If you haven’t heard much about Coupons.com Inc. in the past, you’re not alone.

The 13-year-old company was founded by Steven Boal, a former Wall Street technology executive, who discerned that the newspaper coupon business could be reinvented online and has since quietly built a global business valued at $1 billion.

Ranked as the 39th most trafficked site in the United States, Coupons.com lets visitors find a wealth of coupons for everything from yogurt to dog food, and also offers white-label platforms for other coupon-issuing companies. But the next frontier is social, and the company says it has found a way to get coupons onto Facebook faster than ever—within 48 hours—through a new platform announced today called Brandcaster Social.

“What Brandcaster Social does is embed the coupon within the Facebook pages of the brand,” Steven Boal, founder and CEO of Coupons.com Inc. told Portfolio.com. “It’s very easy to set up. The consumer comes to your fan page, they like your page, it says ‘click here’ to get your coupon, and you get your coupon.”

If the company runs out of coupons, as sometimes happens since such discounts will be limited, then the user would automatically get a message that they’ll be among the first in line for the next round of coupons.

The beauty of it, says Boal, is that users don’t leave Facebook for their coupons, and companies can avoid having Web developers program the coupons within Facebook, which is time-consuming. They can also track likes for their company and the coupon, find out how many new fans were generated from the coupon via fans who shared the deal with their friends.

Several brands have already used the application, including Energizer, whose coupon campaign resulted in 60,000 likes, which in two days increased its fan base by 40 percent. The company also had 75,000 coupon prints in two days, which included 25,000 friends of fans.

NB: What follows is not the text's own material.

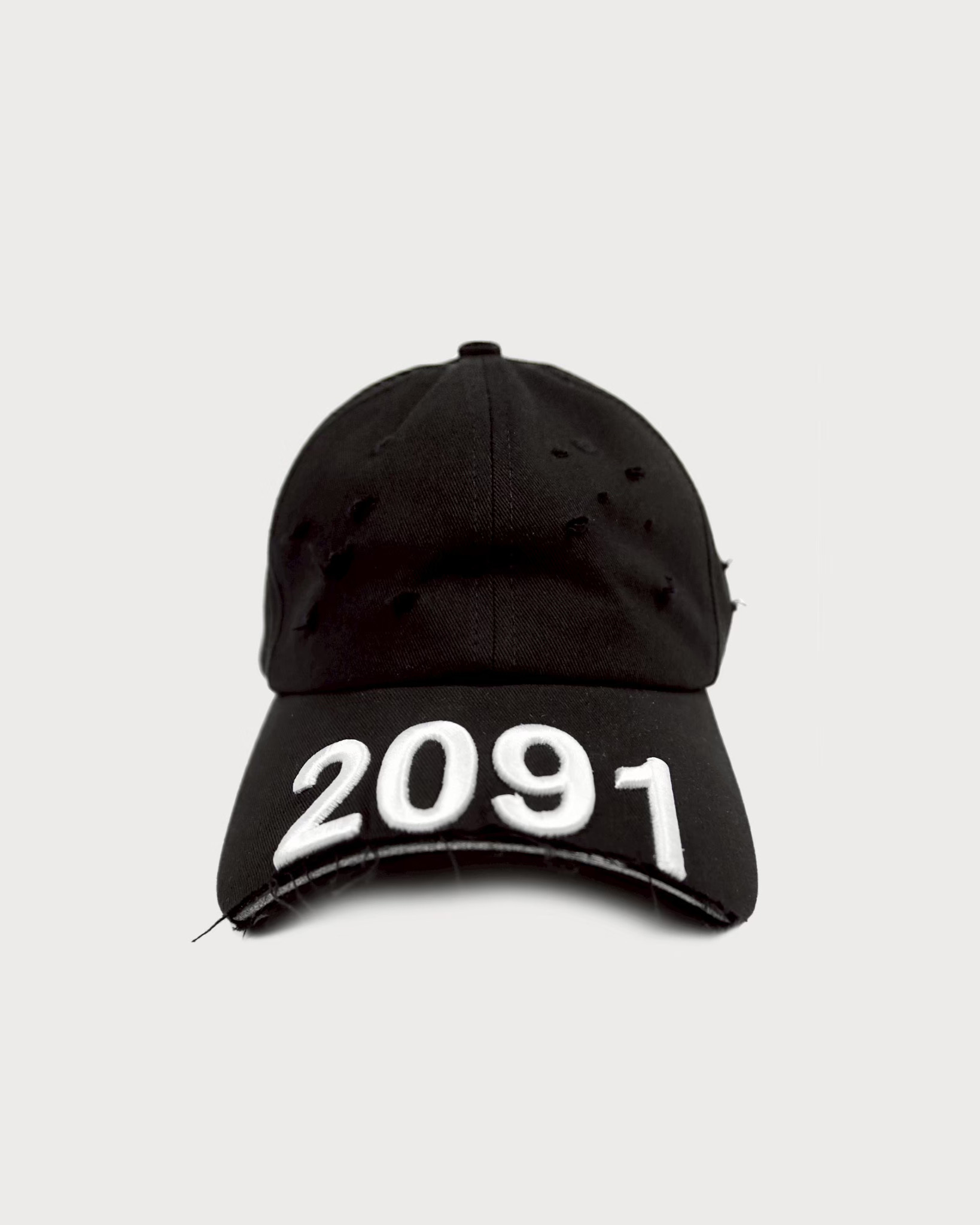 Bornrich 2091 切割做舊棒球帽 - 黑色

Boal, who is 46, founded Coupons.com after his father-in-law, a Sunday newspaper coupon clipper shared the ins and outs of getting the best deal. That inspired him to figure out how to bring that experience online. In 1999, the coupons in the Sunday paper had a 1.6 percent redemption rate, which was already pretty low. It has now sunk even further to a 0.6 percent rate as more readers go online. Coupons.com has an average redemption rate of 19 percent, according to Boal, who says the newspaper coupon system was a broken model.

The company, which makes revenues by issuing coupons on behalf of companies such as food manufacturers, is expected to generate $100 million in revenue this year up from $60 million last year and $40 million the year before. With companies in the discount sphere, such as Groupon, gaining attention from investors, Coupons.com has also basked in the warmth of investors suddenly smitten with frugality.

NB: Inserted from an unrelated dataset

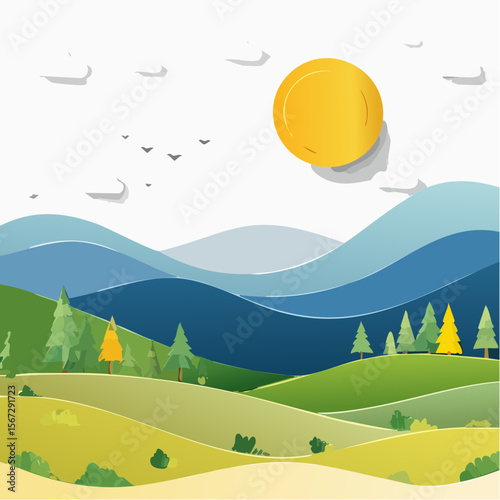 Serene paper-cut landscape featuring rolling hills, evergreen trees, and a bright sun.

Coupons.com received $200 million in funding in June, and more recently another $36 million from Greylock Partners. That has brought the company's valuation to $1 billion, but if Boal is less known that Groupon CEO Andrew Mason, he doesn’t seem to mind.

“Our reason for being has been out of the conversion of the offline base to digital,” Boal said. “We never felt it was important to beat our chests.”

Which leads to the question: Does Boal plan to take the company public, a la Groupon?

“A public path is certainly something that we’ve considered as a company, and raising the money hasn’t altered that,” Boal says. In the meantime, the company is doing well despite the recession and it’s taking advantage of the new cheap chic mentality.

“We do well when times are tough because consumers want to save money,” Boal says. "When times are good, we do well because we’re digitally focused, and as it’s been said, frugal is the new black.”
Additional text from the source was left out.